Lane Roanoke gets a call in the middle of the night, a call she did not expect or welcome: one from her grandfather, Yates. His reason: her cousin Allegra is missing. So against her better judgement, Lane goes where she’s sworn never to go back to: the Roanoke farm in Kansas. Eleven years before, she had run from it. She’d only spent one summer there- the time between her mother’s suicide and the point where she got too creeped out and grossed out to stay there.

When Lane’s mother committed suicide, Lane was not quite sixteen. She had never lived at the Roanoke farm; her mother had run when she was pregnant. But her grandparents claimed her and so she was shipped from New York City to rural Kansas. Her grandparents are rich, and while Gran is distant, Grandad greets her warmly, telling her she is finally where she belongs. Allegra, barely younger than Lane, also greets her happily. She has grown up in the middle of nowhere, miles from even a small town, with no siblings, and Gran is equally cool to her. But Allegra and Grandad seem to have a very warm relationship…

Lane’s return leads her to go back over her time at the farm. It was a place of secrets. Allegra was a wild child, drinking with the teens in town (drinking seems to have been the only amusement available to them), but never leaving the farm after graduation. Lane had a relationship with a boy in town that she assumed was based on sex alone. Grandad had Lane help him caring for the animals, and told her there was nothing she could do that would make him not love her. She and Allegra looked like sisters; when Lane sees a wall of family photos, she realizes that all the Roanoke girls look alike, more so than most families even. Then she stumbles in on something..

The ‘big secret’ of the story is actually given away very early on, but other secrets lie hidden behind it. The secret is bad enough, but how big the secret is, is pretty revolting, as are the parts that Gran and the farm employees play.  The ultimate secret, of course, is what happened to Allegra, and why it happened when it did.

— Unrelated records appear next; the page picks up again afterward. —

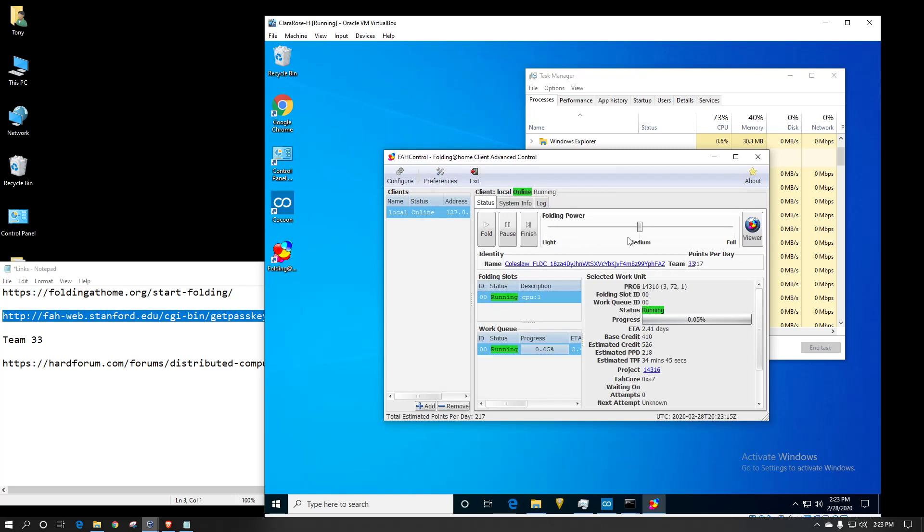And once you're on here, you can make it a low priority or a low power rating. Basically, it won't use your CPUs as much, medium, or if you give it full, that means it'll go full bore as long as you're not doing anything else, and it will try to crunch as much as possible.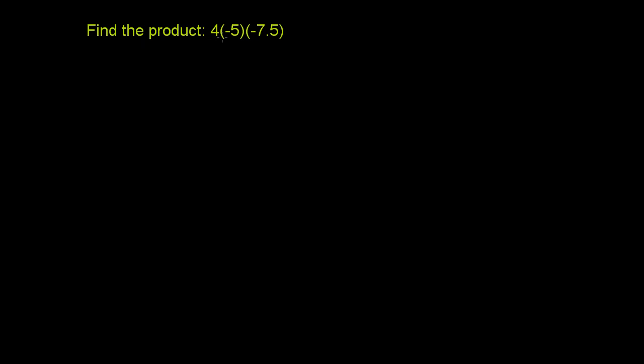Find the product 4 times negative 5 times negative 7.5. So we're just multiplying three numbers right here. Some are positive, some are negative.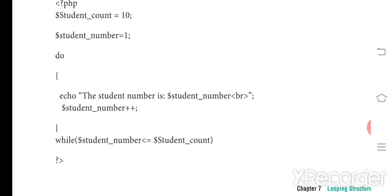To summarize: the while loop checks the condition at the entry point before executing. The do-while loop also checks the condition, but at the exit point — so the statement is executed at least once. This is the key difference between while and do-while loops. Thank you.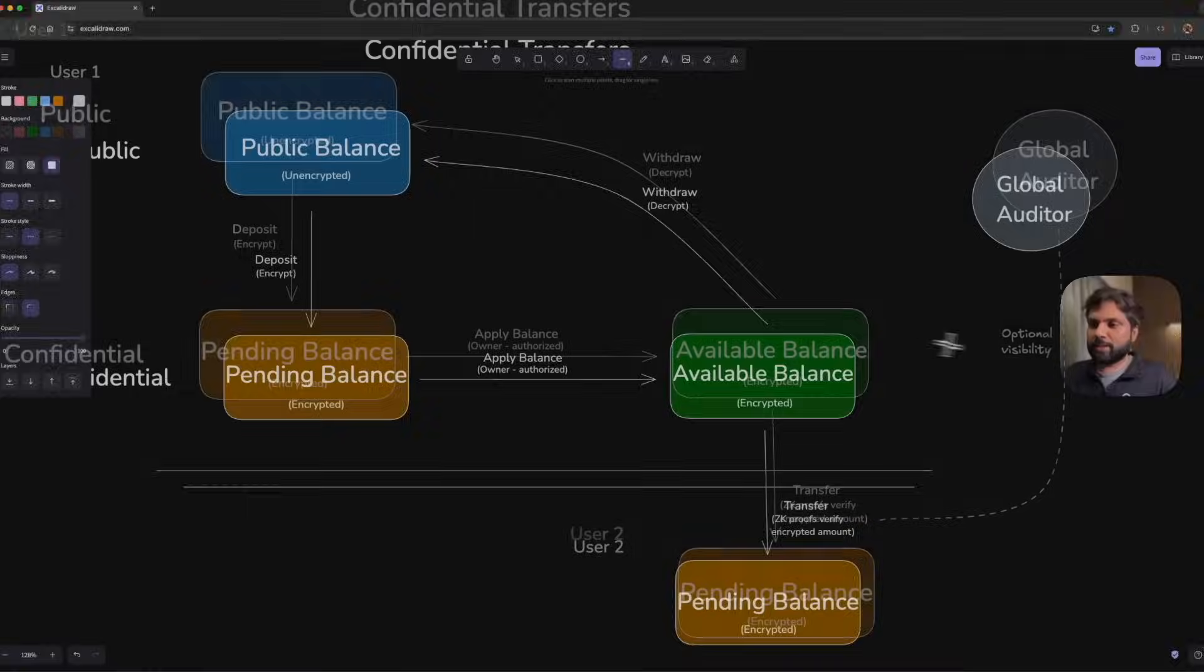While creating the mints, they can be configured with an auditor account that can decrypt the balances and transfer amounts of these tokens. This is, of course, an optional configuration which you can set while creating the mint.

The story may be set in Kansas, but it’s pure southern gothic. The story is not Lane’s alone; some chapters are told by the other Roanoke girls, all either dead young or run away. Roanoke girls, as Allegra says, don’t last long. And, other than grandpaw Yates, only girls are born into the family. The novel is somewhere between Young Adult and New Adult. A lot of parents of younger teens will object to the language and sexual content; there is a LOT of both. Distasteful as the action is, the story was one I couldn’t put down because it’s well written. Lane is not a real admirable person- she’s spent her time since running away just drifting- but at her core she’s a good person who has the potential to grow, and she didn’t exactly have good role models growing up. I was rooting for her all the way.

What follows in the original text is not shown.